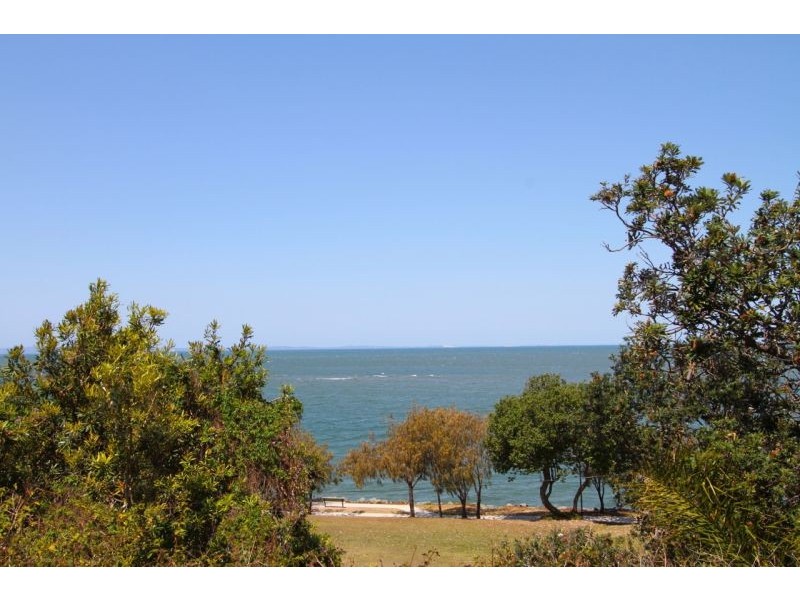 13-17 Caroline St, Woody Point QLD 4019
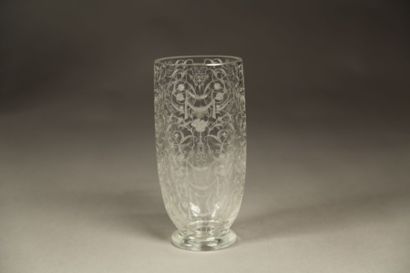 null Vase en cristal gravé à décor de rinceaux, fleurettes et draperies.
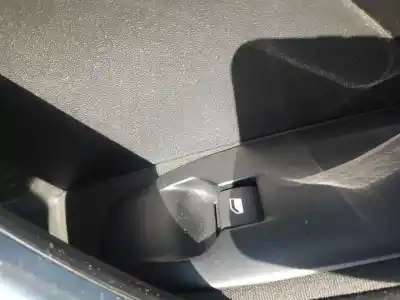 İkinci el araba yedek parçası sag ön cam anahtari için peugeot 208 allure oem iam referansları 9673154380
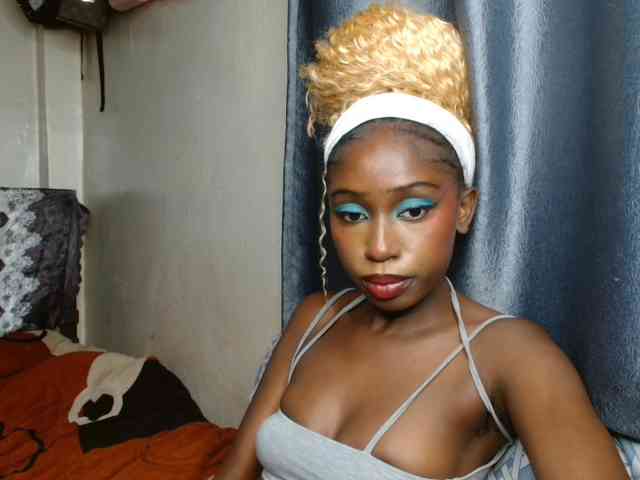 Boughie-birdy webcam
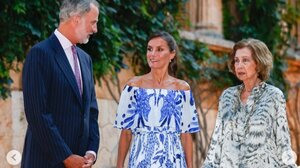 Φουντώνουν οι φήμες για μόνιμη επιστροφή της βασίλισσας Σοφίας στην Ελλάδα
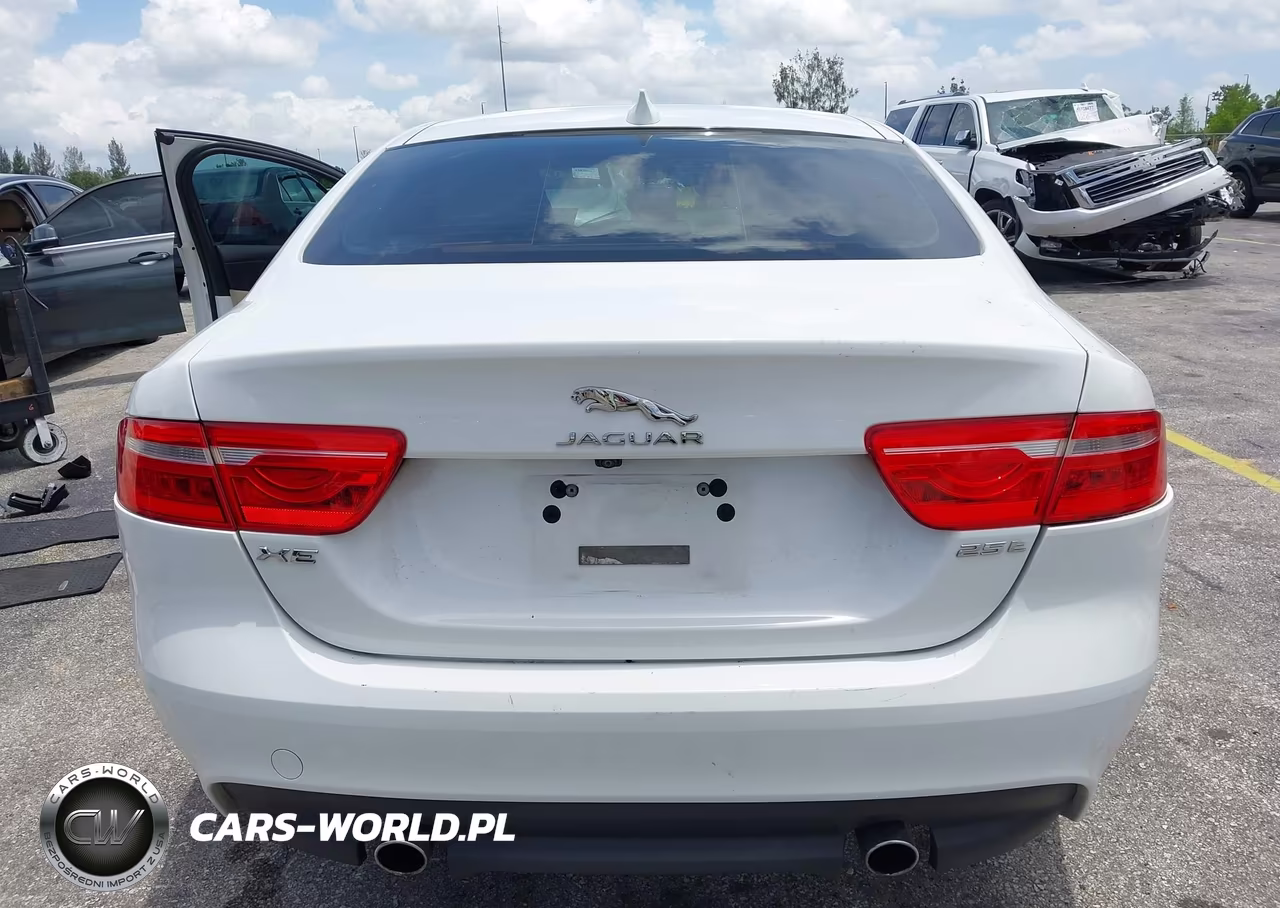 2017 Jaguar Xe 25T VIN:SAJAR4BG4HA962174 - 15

EXERCISE DESCRIPTION: Set down nothing but the lines from the one containing "Φουντώνουν οι φήμες" to the final line above, both included, with every picture left out.

ANSWER TO THIS PROBLEM:
 Φουντώνουν οι φήμες για μόνιμη επιστροφή της βασίλισσας Σοφίας στην Ελλάδα
 2017 Jaguar Xe 25T VIN:SAJAR4BG4HA962174 - 15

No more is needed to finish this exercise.